MATLAB: Using differential equations of acceleration how would I plot a trajectory

differential equationsMATLABrunge kutta

I have an assignment in my course where I need to plot the trajectory of an object where the only input of the function is the initial angle of the throw. I have two differential equations that each give me the acceleration in horizontal (x) and vertical (y) of the object. In these formulas I also have an air friction constant to keep in mind of.
The initial values that are given is the initial speed of the object and the initial position of the object.
I am not to sure as what kind of algorithms I would need to use in order to plot the trajectory.
Here's what I think I should do:
Solve the DE:s given the initial values using runge-kutta formula. Then upon getting the acceleration in both x and y I would then integrate this over the time passed and once again in order to get the change in position, this could perhaps be done using the trapezoidal method.

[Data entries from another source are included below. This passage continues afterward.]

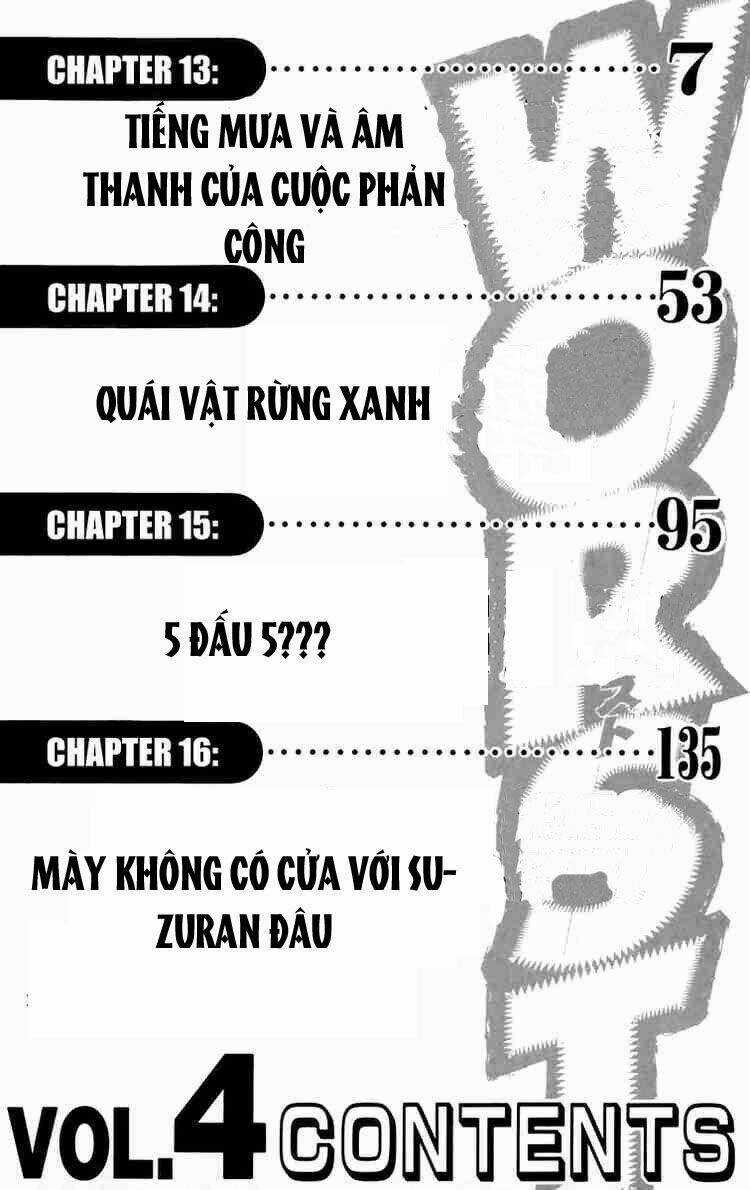 Worst Chapter 13 trang 5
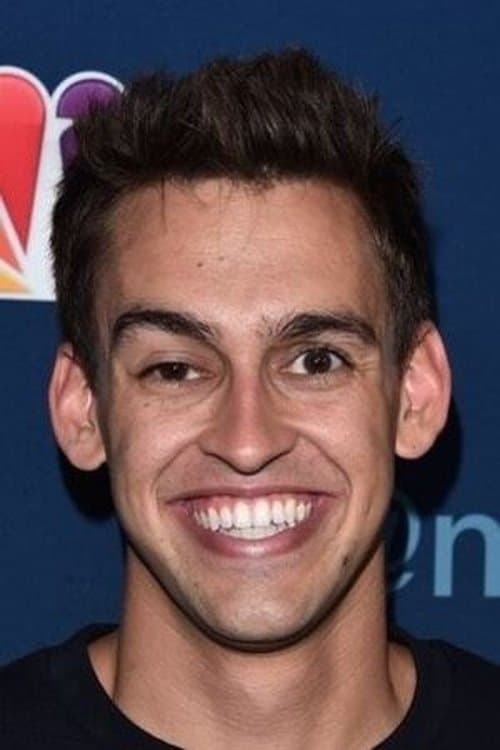 Blake Vogt profile photo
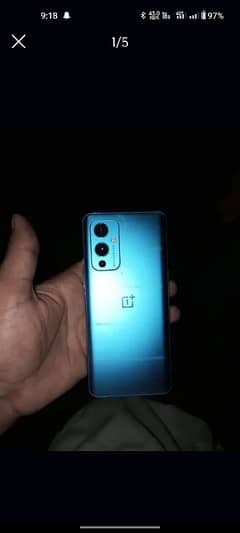 OnePlus 9 5g 12 256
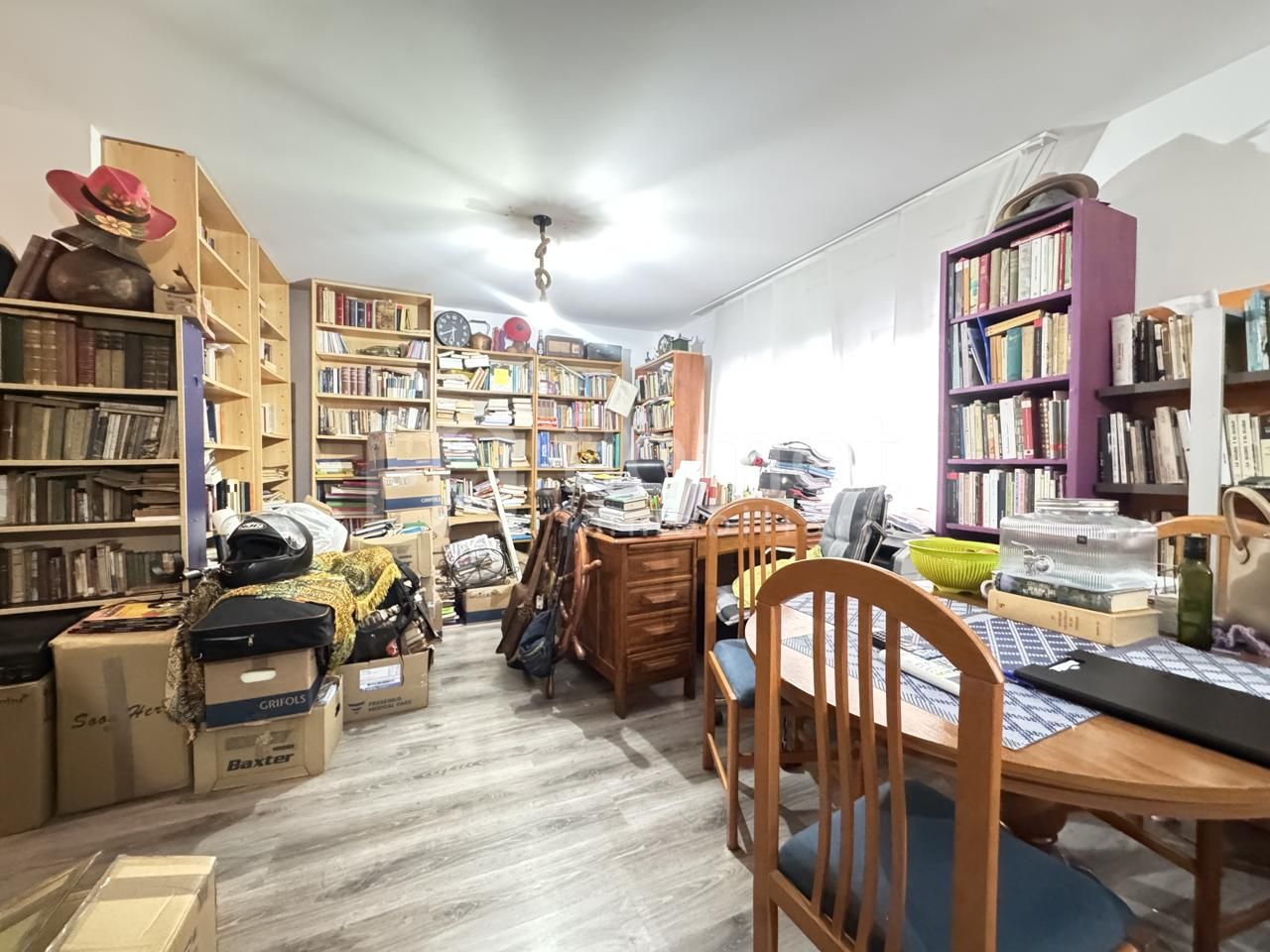 pisos en girona · carrer-de-la-garrotxa-17006 215000€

For example with a step size of 0.1 I would then integrate the acceleration between time 0 and 0.1 and then once again in order to find the displacement of the object. Does this sound like a reasonable solution?
I hope the question does not seem unfitting given no code, but I would like to know simply if my heading is correct or not, given my limited knowledge and not haven done any multivariable calculus or advanced DE:s before!

Best Answer

Hi Alexander,
What you've depicted is all appropriate. Just a brief recap what you have stated and how to implement in MATLAB environment.
  1. Define: initial conditions: [x0, dx0]
  2. Define: time space to simulate your system; [0, tend]
  3. Define: your system equation has to be re-write as two first order ODEs, e.g.: dxdt = [x(2), g-a*x(2)] ; % I am making up as an example. Where x(2) represents dx, g is gravitational acc., a is air drag coeff... In this case, you can employ, anonymous function (@), function file, or express directly or use inline function or use symbolic MATH matlabFunction().
  4. You can write your own script based on 4/5 RK or use ode45 or ode23 or ode113, .. etc.. w.r.t your problem's nature - how stiff it is.
  5. PLOT: your computed numerical results which will contain displacement and velocity.
  6. End
Good luck.